John G. Phillips & Associates v. Brown

Docket No. 89665–Agenda 20–May 2001.

JOHN G. PHILLIPS & ASSOCIATES, Appellant, v. JEFFREY M. BROWN, Appellee.

Opinion filed September 20, 2001.

JUSTICE FREEMAN delivered the opinion of the court:

Plaintiff, the law firm of John G. Phillips & Associates (Phillips), filed suit against defendant Jeffrey Brown for intentional interference with prospective economic advantage. The circuit court of Cook County dismissed the complaint with prejudice as a sanction for discovery violations. Phillips appealed; the appellate court dismissed the appeal because the notice of appeal was untimely (No. 1–99–4078 (unpublished order)). We granted Phillips’ petition for leave to appeal (177 Ill. 2d R. 315(a)), and now affirm the judgment of the appellate court.

BACKGROUND

Because of the posture of this case and the question we are called upon to decide, the allegations in the complaint are of only passing importance. In short, defendant Brown was once an associate at Phillips. He left to go to another firm, and when he did so, two clients with whom he had been working transferred their cases to the new firm, allegedly at Brown’s behest.

The complaint was originally filed in 1995. On November 2, 1999, the court dismissed the entire complaint, with prejudice, as a discovery sanction. The dismissal did not contain Rule 304(a) (155 Ill. 2d R. 304(a)) language. On November 19, 1999, Phillips filed a notice of appeal from the dismissal. On December 1, 1999, Brown filed a motion for sanctions under Rule 137 (155 Ill. 2d R. 137). The trial court denied Brown’s motion for sanctions on December 13, 1999, in an order which did contain Rule 304(a) language. Brown did not appeal from the denial of sanctions, and Phillips never filed a new notice of appeal.

In the appellate court Brown moved to dismiss Phillips’s appeal for lack of jurisdiction. He argued that the November 19 notice of appeal was premature because of the subsequent motion for sanctions. The appellate court granted the motion, dismissing the appeal.

ANALYSIS

Before this court, the sole issue is whether the appellate court acted correctly in dismissing the appeal. The resolution of this question turns on interpretation of the rules promulgated by this court. Accordingly, our standard of review is de novo. People v. Drum , 194 Ill. 2d 485, 488 (2000) (“[t]he interpretation of a supreme court rule, like a statute, is a question of law that we review de novo ”); In re Estate of Rennick , 181 Ill. 2d 395, 401 (1998).
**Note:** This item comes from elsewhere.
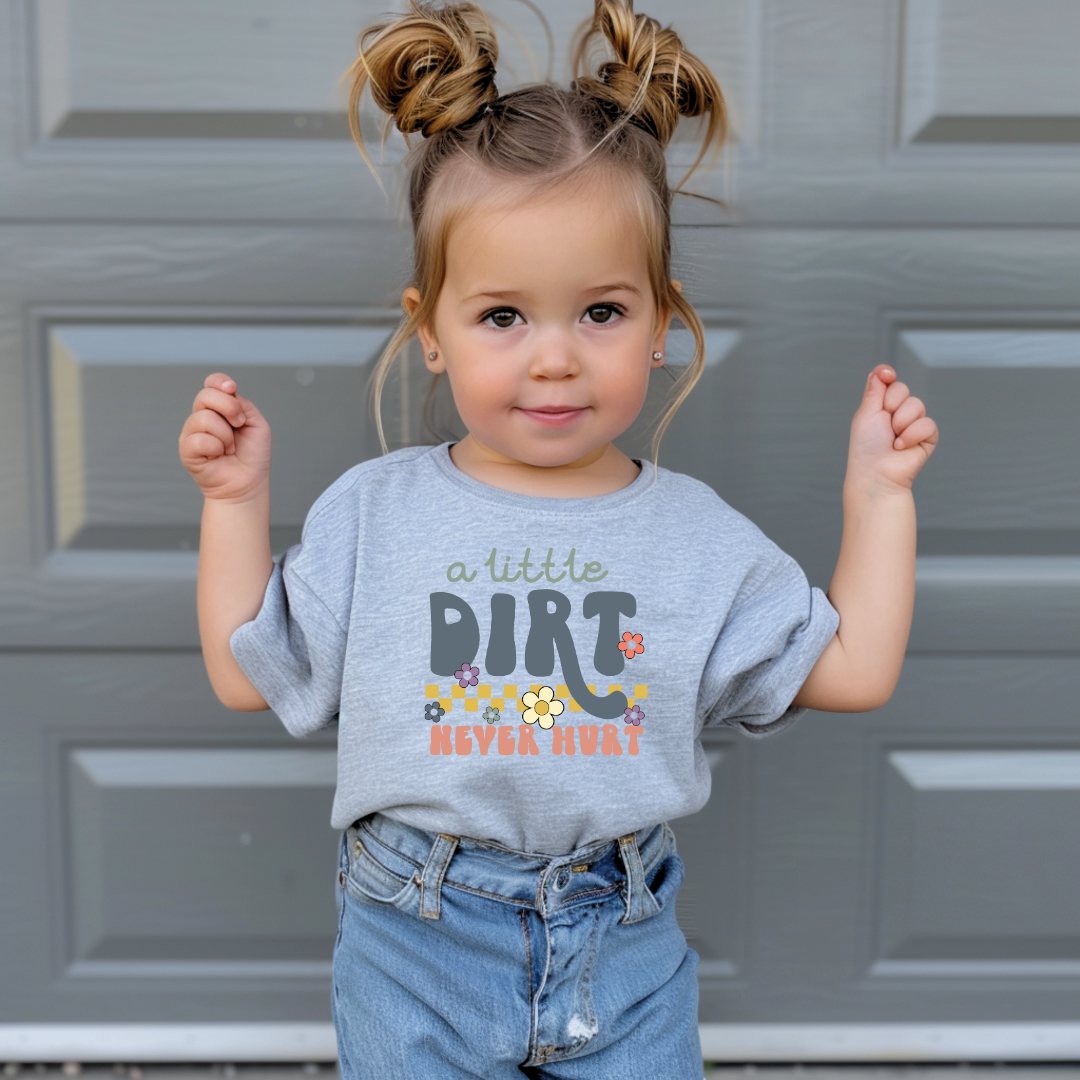 A Little Dirt Never Hurt Youth & Toddler Graphic Tee-Ever Joy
The appellate court was correct in dismissing the appeal.

First, there can be no dispute that according to the rules of this court (155 Ill. 2d Rs. 301, 304(a)), appeals may ordinarily only be taken from final orders which dispose of every “claim”– i.e. , “any right, liability or matter raised in an action.” Marsh v. Evangelical Covenant Church , 138 Ill. 2d 458, 465 (1990). Unless an order resolves all claims, “it must contain an express finding that there is no just reason for delaying an appeal. Otherwise, the order is not appealable.” Marsh , 138 Ill. 2d at 465. See also 155 Ill. 2d R. 304(a) (“an appeal may be taken from a final judgment as to one or more but fewer than all of the parties or claims only if the trial court has made an express written finding that there is no just reason for delaying either enforcement or appeal or both”).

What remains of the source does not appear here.